During the financial year under review, the Board continued to adhere to the Principles and Best Practices of the Code including the recent revisions.The Board is pleased to report to the shareholders on its application and measures implemented to strengthen its compliance of the Code in the Statement below.

A. BOARD OF DIRECTORS

The Company is managed and led by Board members from diverse professional backgrounds with relevant experiences and expertise in financial, business and other fields.

1. Composition of the Board

As at the date of this Report, the Board consists of ten (10) members comprising:

  • Four (4) Executive Directors; and
  • Six (6) Non-Executive Directors of whom six (6) are independent.

This composition complies with the Listing Requirements of Bursa Malaysia Securities Berhad, which require that at least two (2) or one third (1/3) of the Board be Independent Directors.

2. Board Balance

To ensure there is balance in the Board, the Independent Non-Executive Directors provide independent views, evaluations as well as advice in Board deliberations and decisions. This ensures that the interests of the Group, shareholders, employees, customers, suppliers and other business associates are safeguarded.
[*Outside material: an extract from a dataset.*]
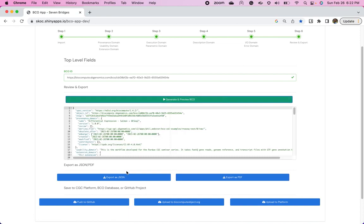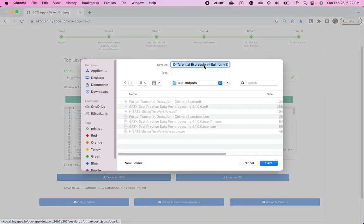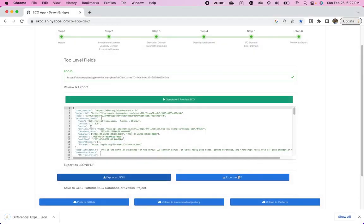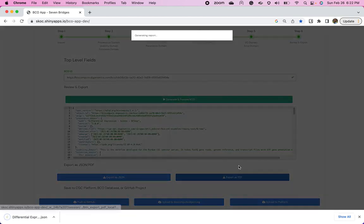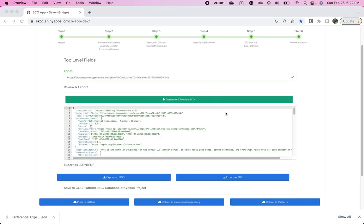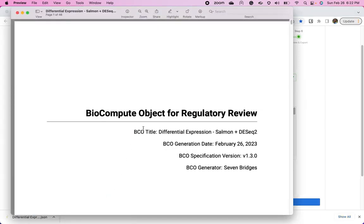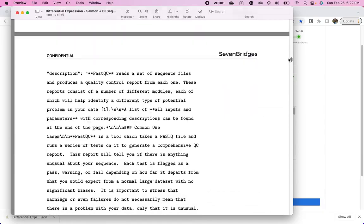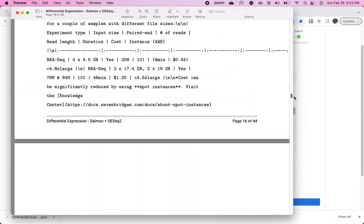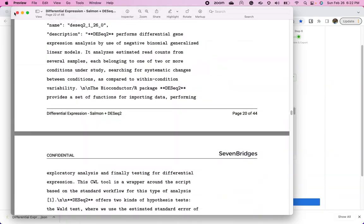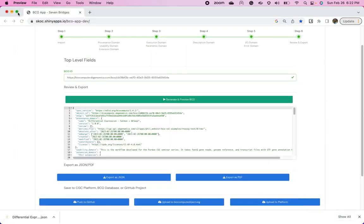So the BCO is generated. I can either export it as a JSON. Or I can export it as a PDF. And as you can see, there's a PDF. With all the information that we just clicked through. So that will also be shareable. And then this is that push to GitHub that I mentioned.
The roles of the Chairman and Group Chief Executive Officer are distinct and held by two different persons. The Chairman is responsible for ensuring Board effectiveness and conduct, whilst the Group Chief Executive Officer has overall responsibility to manage the operations, organisational effectiveness and implementation of policies and decisions.

In line with the recommendations stipulated in Part 2 of the Code, the Board appointed Dato’ Chew Kong Seng @ Chew Kong Huat as the Senior Independent, Non-Executive Director to whom any concerns of shareholders can be conveyed.

3. Board Meetings

To ensure that Directors can plan ahead, Board meetings are scheduled in advance at the beginning of each year. Special Board meetings are convened as and when necessary for the Board to deliberate on matters that require expeditious decisions.

Minutes of all Board meetings are properly recorded in substantial detail and length, including issues discussed in arriving at decisions. This is in line with the Best Practices under Part 2 of the Code.

During the financial year under review, six (6) Board meetings and one (1) Annual General Meeting (AGM) were held. The summary of attendance of the Board is as follows:

Name of Director
No. of Meetings Attended Attendance (%)
Tan Sri Datuk (Dr) Omar bin Abdul Rahman
(Resigned on 1.9.2009)
5/5
100
YB Sen. Dato Sri Prof Dr Mohd Effendi bin Norwawi
(Appointed on 1.9.2009)
1/1 100
Yeoh Soo Ann
5/6
83.3
Efeida binti Mohd Effendi
6/6
100
Datuk Ramli bin Shamsudin
5/6
83.3
Dato’ Chew Kong Seng @ Chew Kong Huat
6/6
100
Datuk Fong Joo Chung
6/6
100
Datuk (Dr) Philip Ting Ding Ing
6/6
100
Datuk (Dr) Zainal Aznam bin Mohd Yusof
5/6
83.3
Dato' Marcus Kam Kok Fei
(Appointed on 25.9.2009)
1/1 100
Datuk Dr Md Hamzah bin Md Kassim
(Appointed on 17.12.2009. No meetings held after 17.12.2009)
N/A N/A

 4. Supply of Information

All Directors are provided with the necessary information relating to the business, operations and financial matters of the Company and the Group.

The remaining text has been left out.